• _EXERCISE INSTRUCTIONS_
Each line below should be retyped exactly, with no pictures.

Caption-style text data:
================

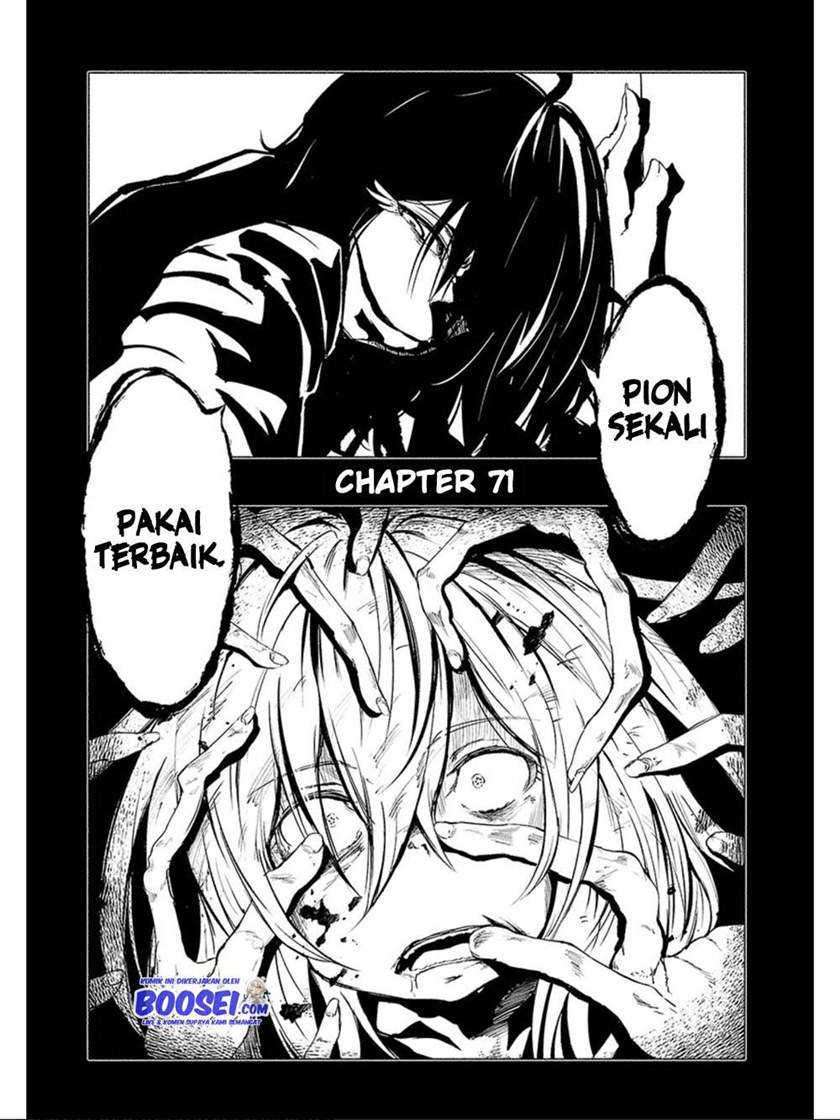 Kemono Giga Chapter 71 - halaman 7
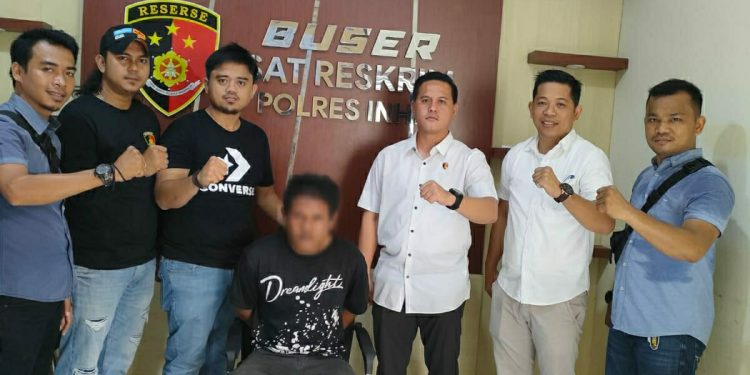 Pria di Inhil Rampok Ibu 3 Anak dan Lakukan Hal Tak Senonoh
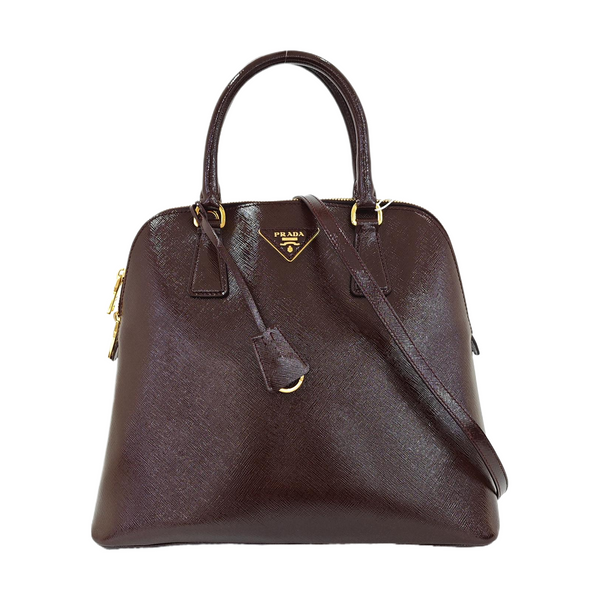 Promenade Calfskin Red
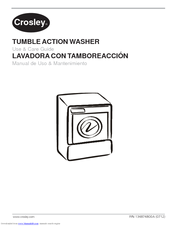Crosley 134874800A Use And Care Manual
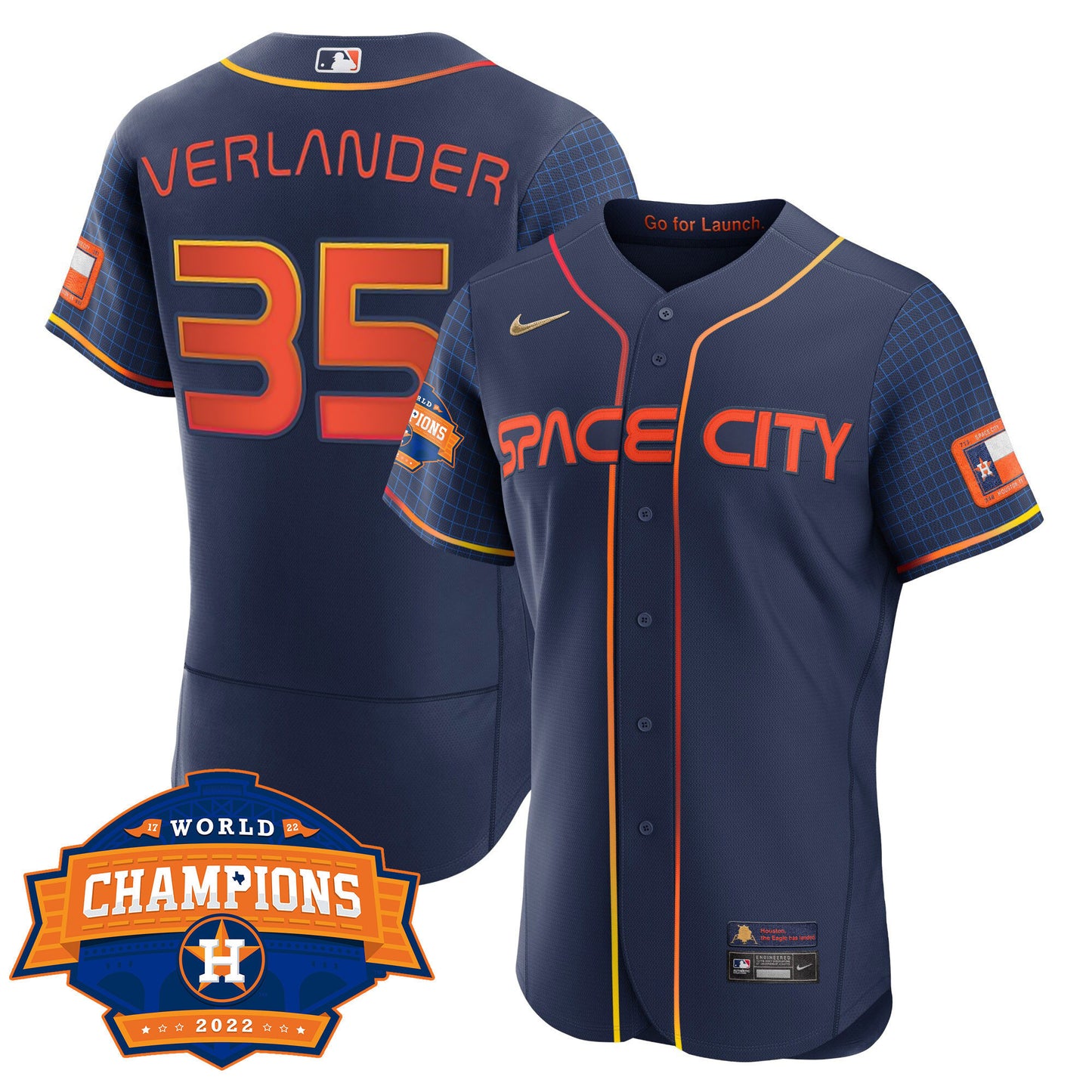 Flex Space City - Justin Verlander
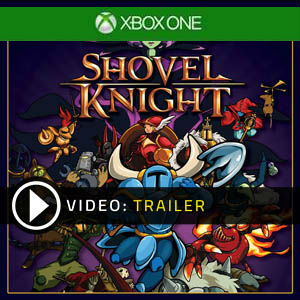Shovel Knight Xbox One en boîte ou à télécharger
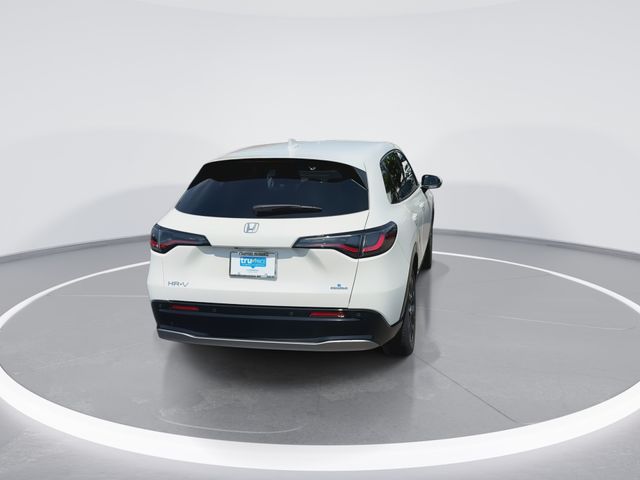 New 2027 Honda HR-V SUV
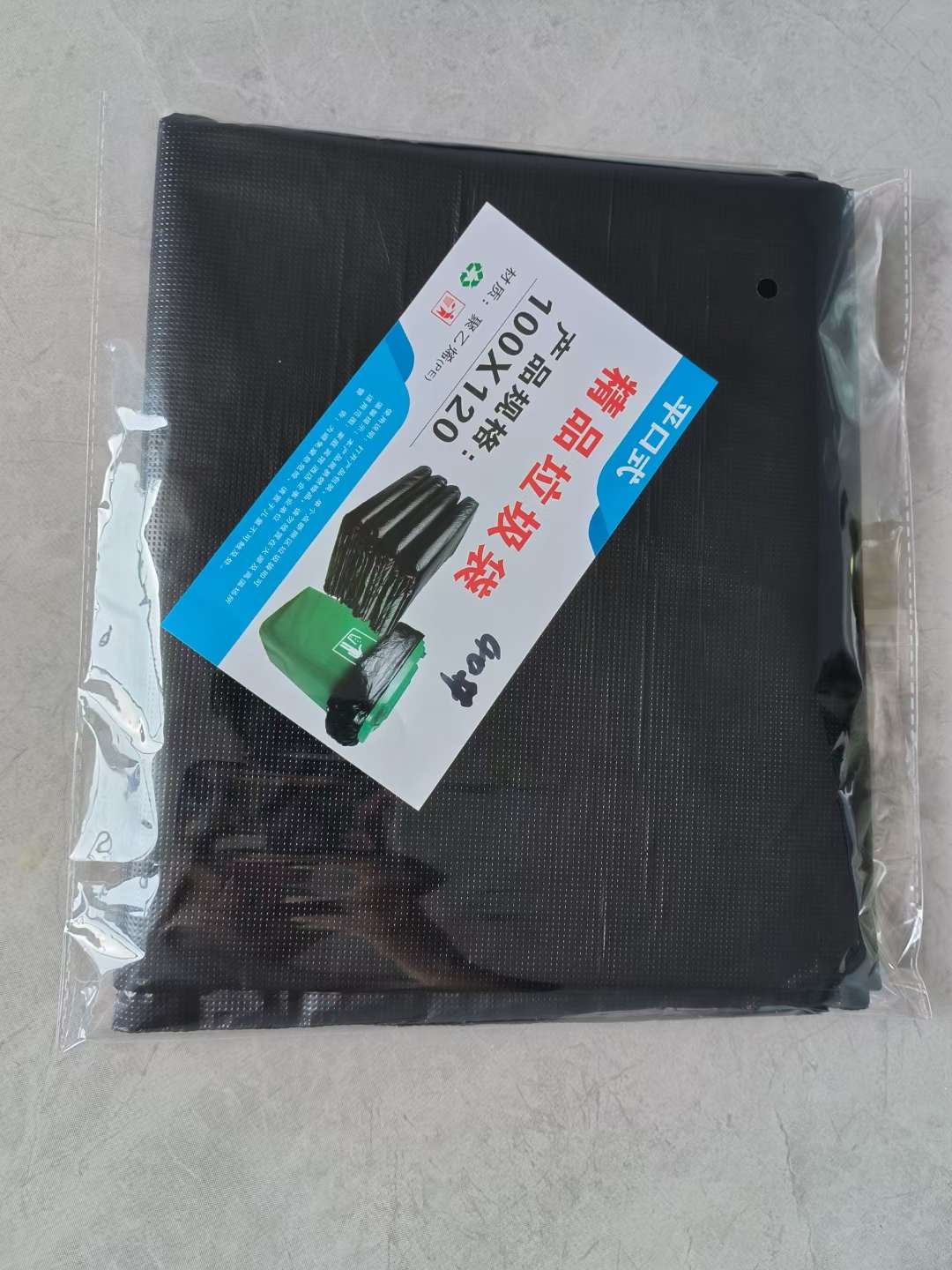 60*80cm,平口式精品垃圾袋详情图8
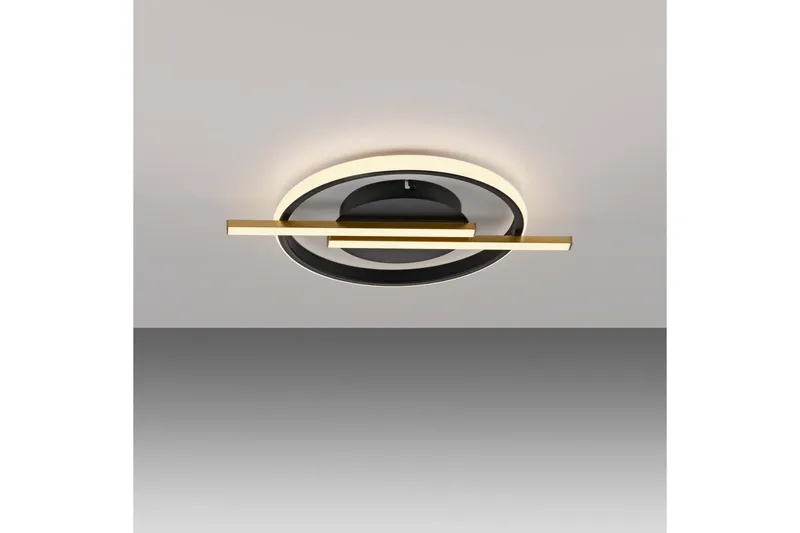 Korsa Just Light Taklampa - Brass - Belysning - Lampor & belysning inomhus - Taklampa & takbelysning - Takplafond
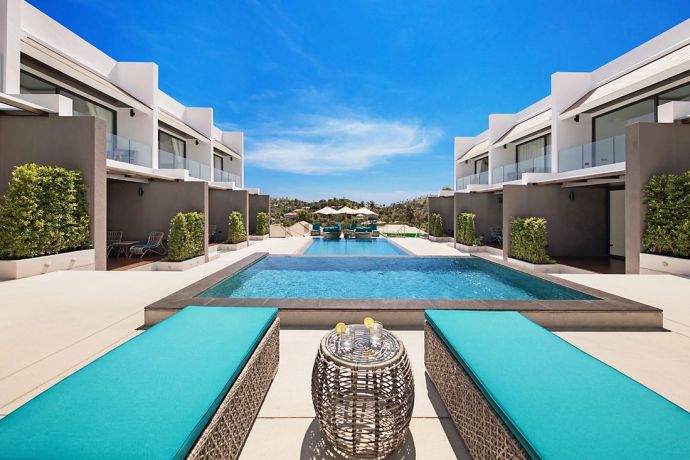 Таунхаусы, Таиланд, Самуи (001401) - фото 6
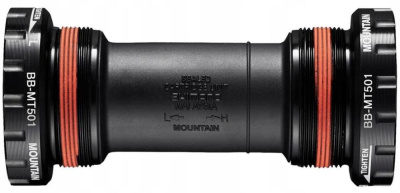 Каретка Shimano BB-MT501 Hollowtech II с выносными подшипниками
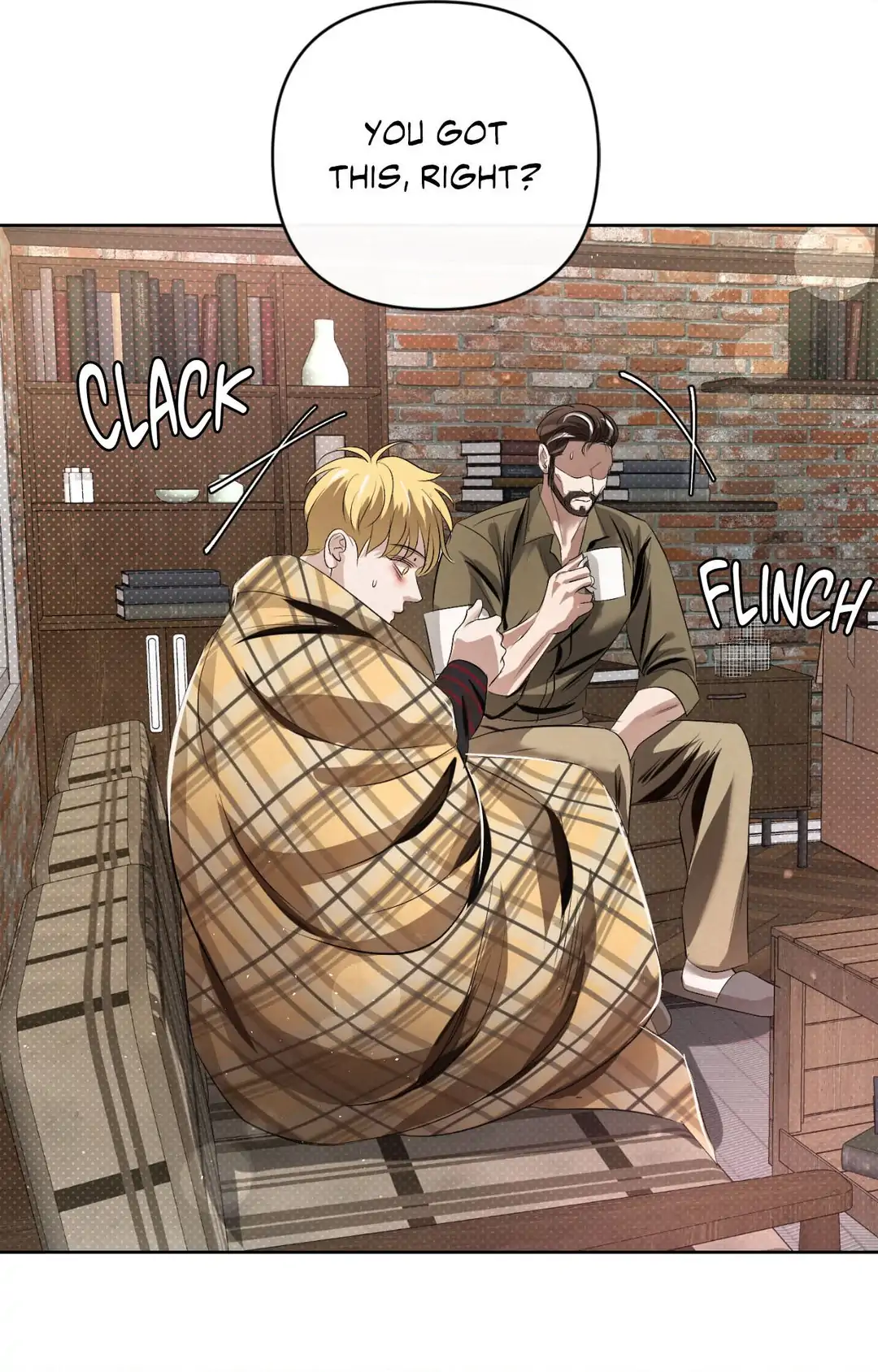 Bloodbound Chapter 38 - Page 24 in English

================

• _ANSWER BOX_
 Kemono Giga Chapter 71 - halaman 7
 Pria di Inhil Rampok Ibu 3 Anak dan Lakukan Hal Tak Senonoh
 Promenade Calfskin Red
Crosley 134874800A Use And Care Manual
 Flex Space City - Justin Verlander
Shovel Knight Xbox One en boîte ou à télécharger
 New 2027 Honda HR-V SUV
 60*80cm,平口式精品垃圾袋详情图8
 Korsa Just Light Taklampa - Brass - Belysning - Lampor & belysning inomhus - Taklampa & takbelysning - Takplafond
 Таунхаусы, Таиланд, Самуи (001401) - фото 6
 Каретка Shimano BB-MT501 Hollowtech II с выносными подшипниками
 Bloodbound Chapter 38 - Page 24 in English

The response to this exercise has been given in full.